‘Four Lions’: Fast-Tracking the Final Days

Within the last decade’s fictional terrorists usually resides a dour, angry psyche (John Updike’s Terrorist offers the most well known example). Few artists have dared to suggest terrorists can be deadly and also farcical, worthy of comedic contempt. In Four Lions, British satirist Christopher Morris highlights the incompetence and buffoonery of a band of would-be martyrs. The result is a mixed bag, funny and remarkably humane, but disappointingly weightless.
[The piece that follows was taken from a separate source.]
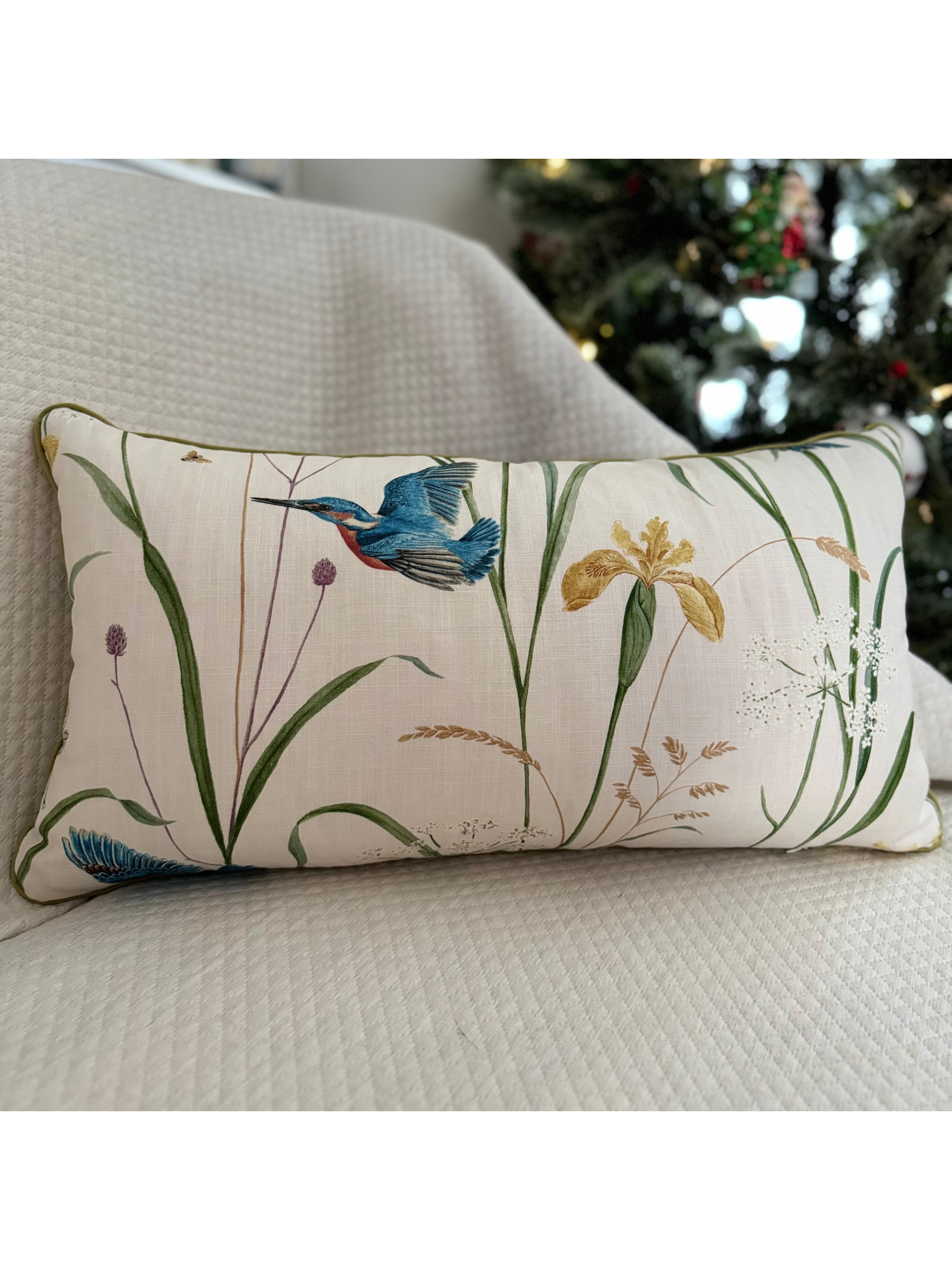 Decorative pillow with Kingfisher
Still, it provides a welcome deflation of the terrorist mystique.

Four Lions follows a group of British suicide bombers as they execute their plan. Omar (Riz Ahmed) to all appearances has a comfortable middle class life, with a loving wife and young son. Yet he also speaks of a “spiritual void” within Western, materialist society. His friend Waj (Kayvan Novak) seems equally comfortable, with a dim-bulb eagerness to follow Omar anywhere, even to a training camp in Pakistan. Barry (Nigel Lindsay) has a sadistic, nihilist streak. He’s eager to “fast-track the final days” and subjects the junior recruits to demeaning hazing rituals. Hassan (Arsher Ali) demands attention through public spectacles; he also raps ineptly about jihad. And finally there’s meek Fessal (Adeel Akhtar), who wants to train crows to carry bombs.

Many positive reviews have lauded Morris’ nerve, more than one referring to the film’s “ballsy” humor, a humor the BBC veteran has previously demonstrated (most notably in Brass Eye). Here, though, he executes an unorthodox premise in a more or less straightforward way, as the film sticks with Omar and his crew. The handheld shots lend an air of intimacy to their antics, even as they reveal their incompetence.

It doesn’t take long. Journeying to a Pakistani training camp, Waj and Omar quickly make themselves unwelcome. Late for morning prayers, Waj argues that Mecca lies to the east, while Omar shows a serious misunderstanding of guerrilla tactics. Dismissed as dilettantes, the two return to England, where they find Barry planning to bomb a mosque, his attempt to provoke moderate Muslims into a general uprising. “The mosques have lost it. These are real bad times,” Barry says, without offering any evidence for such a general complaint. Like the others, he has little apparent concern for theology or history. At no point do they consider explain their actions or even to feel very committed to the religion they claim to believe in. To avoid his daily devotions, Waj uses a stuffed “prayer bear” with a tape loop. Squeeze the bear and it prays for you.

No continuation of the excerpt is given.